Annual Health Care Expenditure Analysis

Introduction

This report proposes to investigate the best ideas that should be considered when taking insurance cover. Also, in this report, the data used for the analysis is from Post Assignment-Insurance Regression. The analysis tool used for data analysis is the R-programming package; see the appendix. The report will be based majorly on the finding from one of the statistical models, Regression analysis(simple Linear and Multiple Regression). Thereafter, there will be a recommendation and conclusion based on the outputs of the analyzed data.

Statistical Terminologies Used

  1. Calculated Probability Value (P-value) this is the calculated probability value of accepting the generated model, intercepts, and coefficients.
  2. R2 – the statistical measure of closeness of that on the fitted Regression Line.
  3. Significant- relevancy of the model of coefficient.

Executive Summary

When taking health insurance coverage, the insurance company needs to optimize both services rendered and profit gained; based on the data from Health Care Annual Expenditure, the statistical model (Regression) will analyze the factors that have a significant impact on the amount individuals spend on health care coverage. Furthermore, the regression model will also filter out “noise” variable that does not add any value but are captured. According to Schmidt and Finan (2018), regarding linear regression and its application to economics, the regression analysis model is preferred as it gives simple and easier interpretable results.

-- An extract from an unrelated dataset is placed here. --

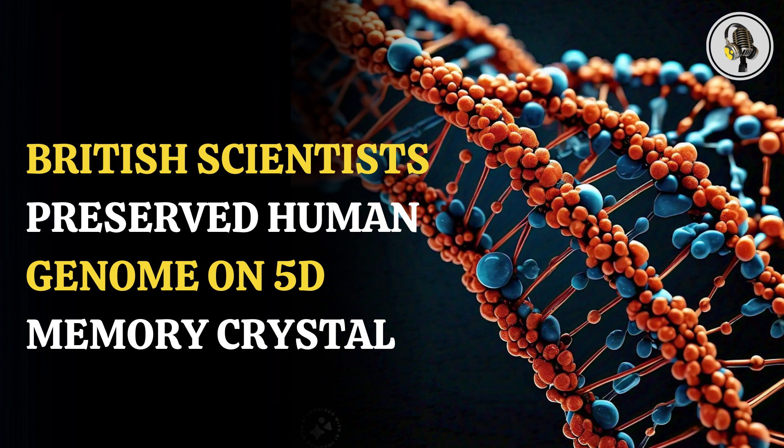However, the genetic information alone cannot currently be used to synthetically produce humans, animals, or plants. Professor Kazansky believes that the 5D crystal is long-lasting and the knowledge would be accessible if certain advancements were accomplished. He stated: 'We know from the work of others that genetic material of simple organisms can be synthesized and used in an existing cell to create a viable living specimen in a lab. The 5D memory crystal opens up possibilities for other researchers to build an everlasting repository of genomic information from which complex organisms like plants and animals might be restored should science in the future allow.'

The focus is to find the variable that best predicts the amount one should pay the health care facility in a year. In this case, the dependent variable is the amount paid and other variables will be assumed to be independent.

Age against the amount paid
Figure 1: Age against the amount paid

Based on the data from figure 1 above, we can easily conclude that the health care annual expenditure data, age, and amount paid annually can fit a regression line; data is distributed linearly. Therefore age can be the best predictor of the amount a person should contribute towards healthcare coverage.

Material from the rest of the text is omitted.